Brief:
Repeat exactly the lines of the records below, starting at the line containing "TITIWIN download —" and ending at the line containing "杭州亚运会开幕式获中外媒体盛赞". Leave the pictures out.

Recorded data:
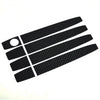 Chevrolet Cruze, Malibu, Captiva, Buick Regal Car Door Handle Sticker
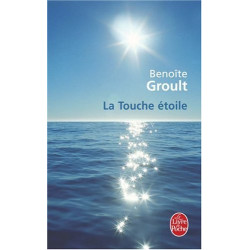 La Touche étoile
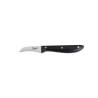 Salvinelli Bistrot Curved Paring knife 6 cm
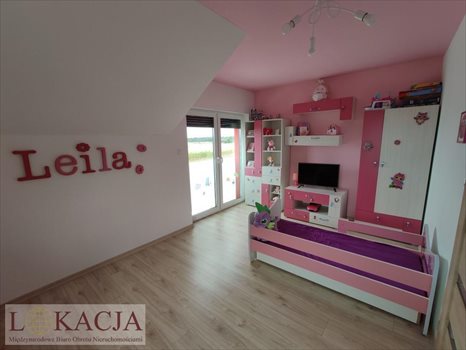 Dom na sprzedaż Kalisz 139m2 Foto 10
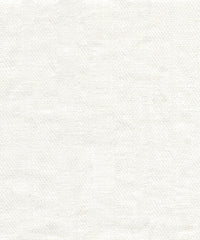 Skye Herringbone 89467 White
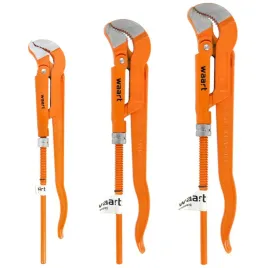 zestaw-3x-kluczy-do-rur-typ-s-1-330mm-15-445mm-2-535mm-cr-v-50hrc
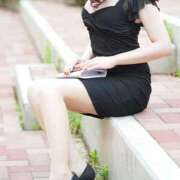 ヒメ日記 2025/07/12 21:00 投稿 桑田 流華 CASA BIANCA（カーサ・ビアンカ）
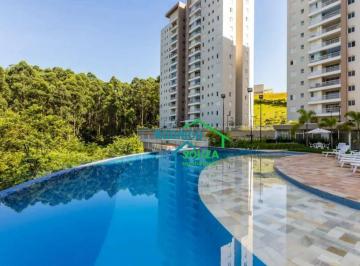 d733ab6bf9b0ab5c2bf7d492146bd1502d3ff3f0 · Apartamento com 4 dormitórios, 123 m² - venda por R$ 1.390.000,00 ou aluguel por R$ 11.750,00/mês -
* * *
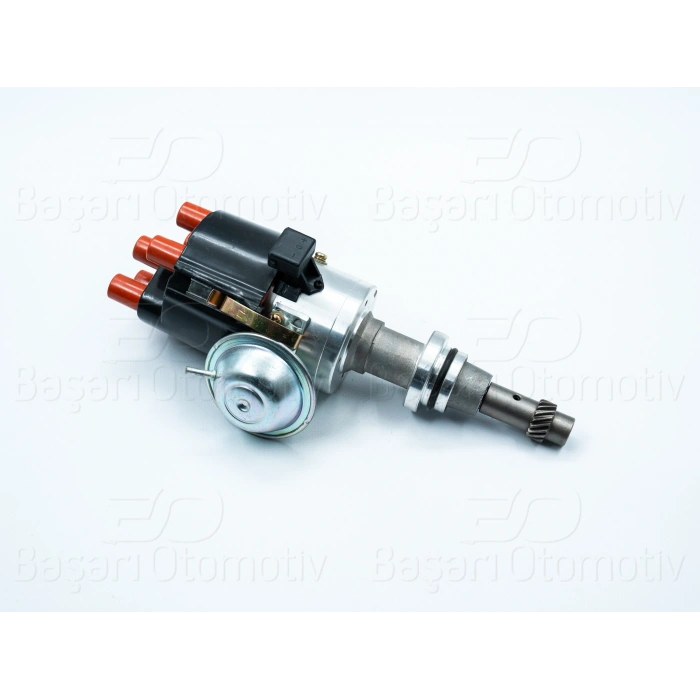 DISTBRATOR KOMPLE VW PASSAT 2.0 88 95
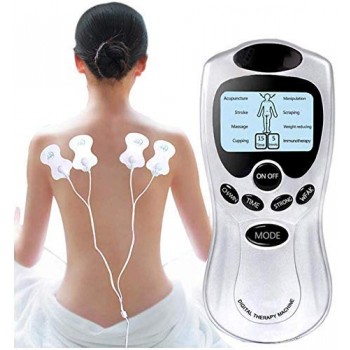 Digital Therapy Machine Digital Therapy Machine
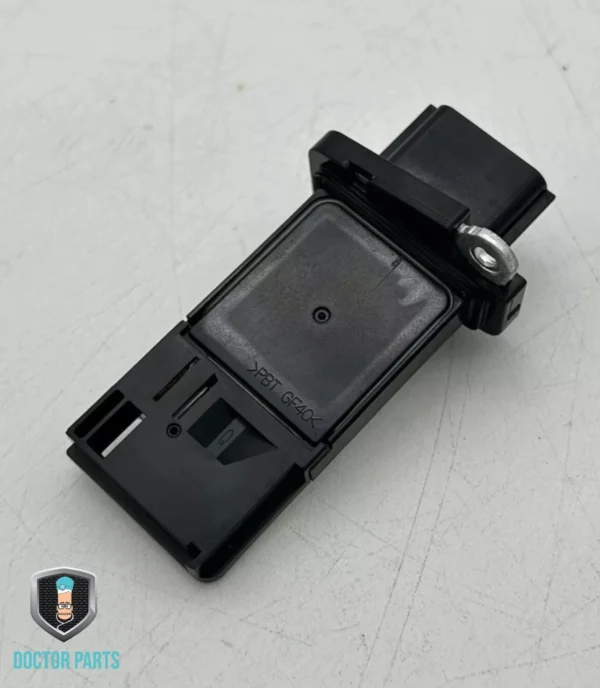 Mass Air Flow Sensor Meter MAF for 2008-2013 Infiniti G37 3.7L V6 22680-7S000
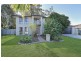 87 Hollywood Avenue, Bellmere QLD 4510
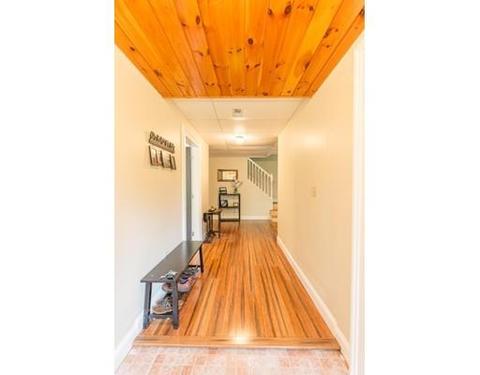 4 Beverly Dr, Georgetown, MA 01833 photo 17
* * *
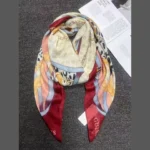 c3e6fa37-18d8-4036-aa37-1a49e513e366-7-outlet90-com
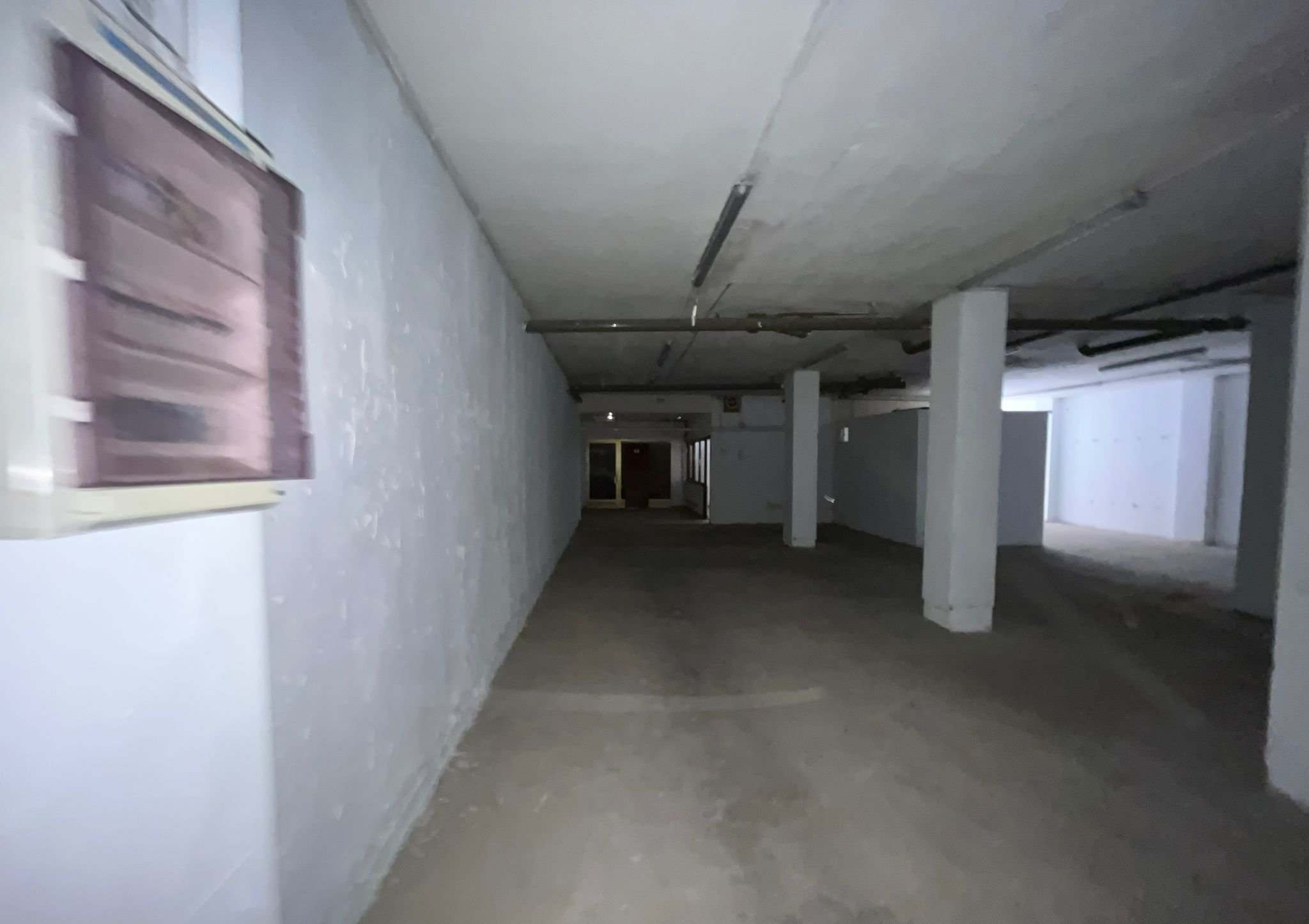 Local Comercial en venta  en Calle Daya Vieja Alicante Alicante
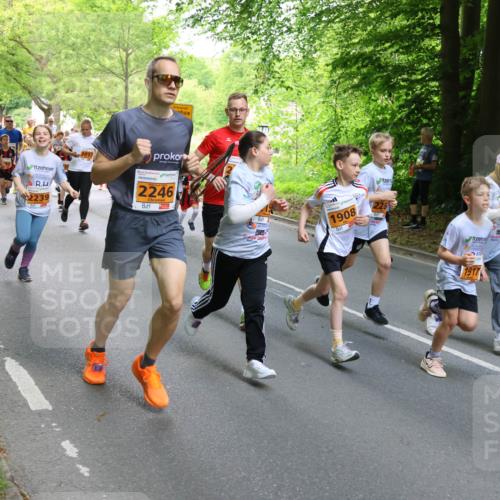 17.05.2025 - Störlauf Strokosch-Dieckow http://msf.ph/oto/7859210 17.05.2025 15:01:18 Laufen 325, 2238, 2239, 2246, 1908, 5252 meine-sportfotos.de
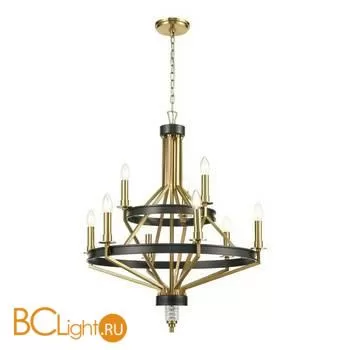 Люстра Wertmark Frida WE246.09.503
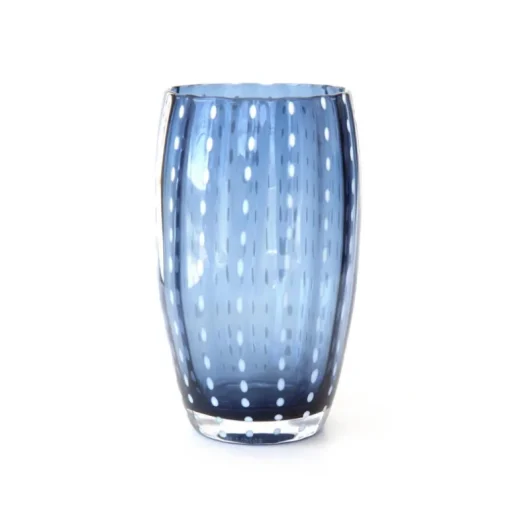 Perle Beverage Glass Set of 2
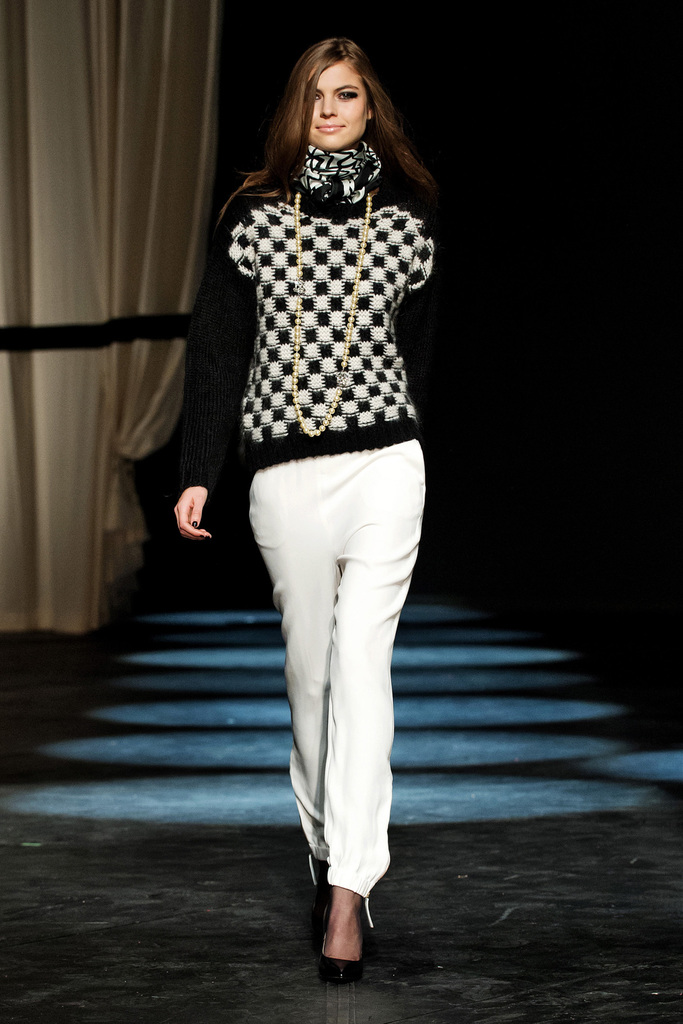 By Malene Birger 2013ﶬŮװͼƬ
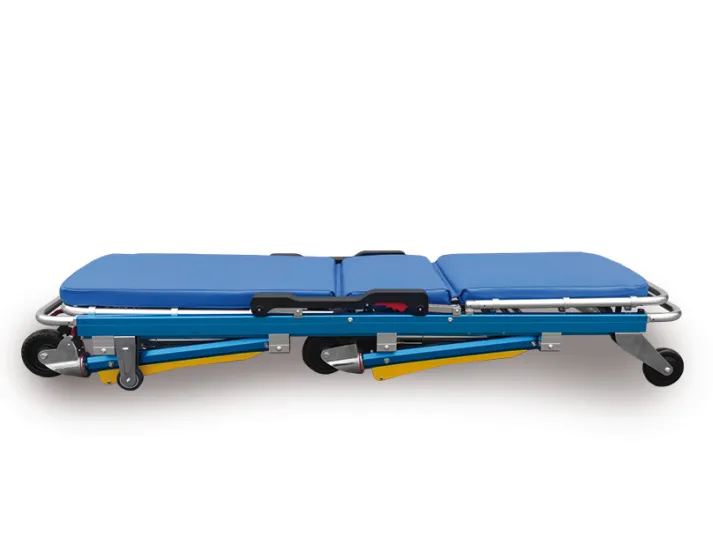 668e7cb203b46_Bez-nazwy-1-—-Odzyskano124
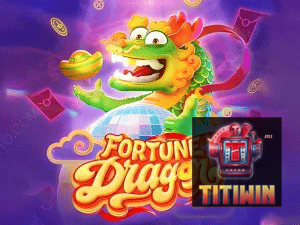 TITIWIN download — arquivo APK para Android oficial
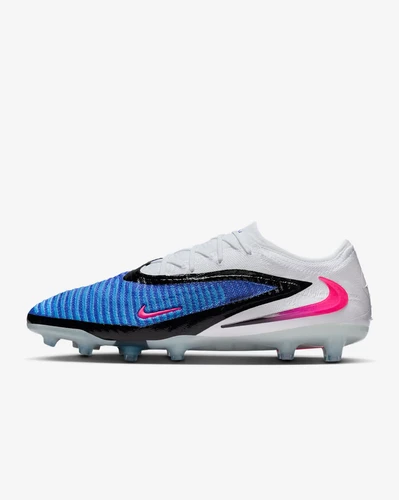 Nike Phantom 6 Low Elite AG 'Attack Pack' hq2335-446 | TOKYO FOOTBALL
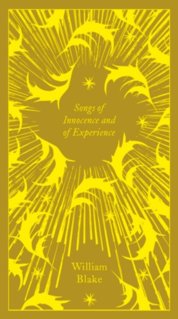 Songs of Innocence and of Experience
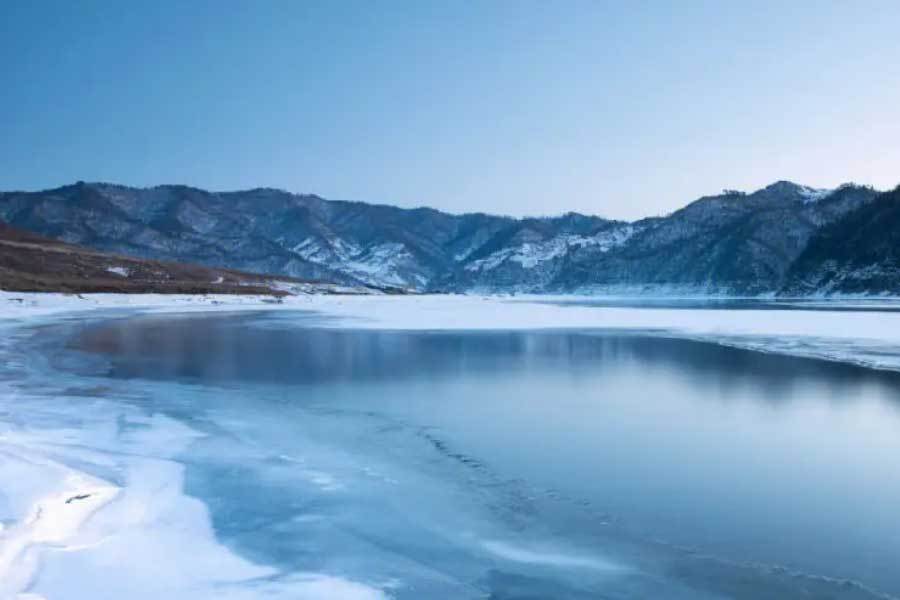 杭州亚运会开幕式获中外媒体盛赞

Answer to this exercise:
 TITIWIN download — arquivo APK para Android oficial
 Nike Phantom 6 Low Elite AG 'Attack Pack' hq2335-446 | TOKYO FOOTBALL
 Songs of Innocence and of Experience
 杭州亚运会开幕式获中外媒体盛赞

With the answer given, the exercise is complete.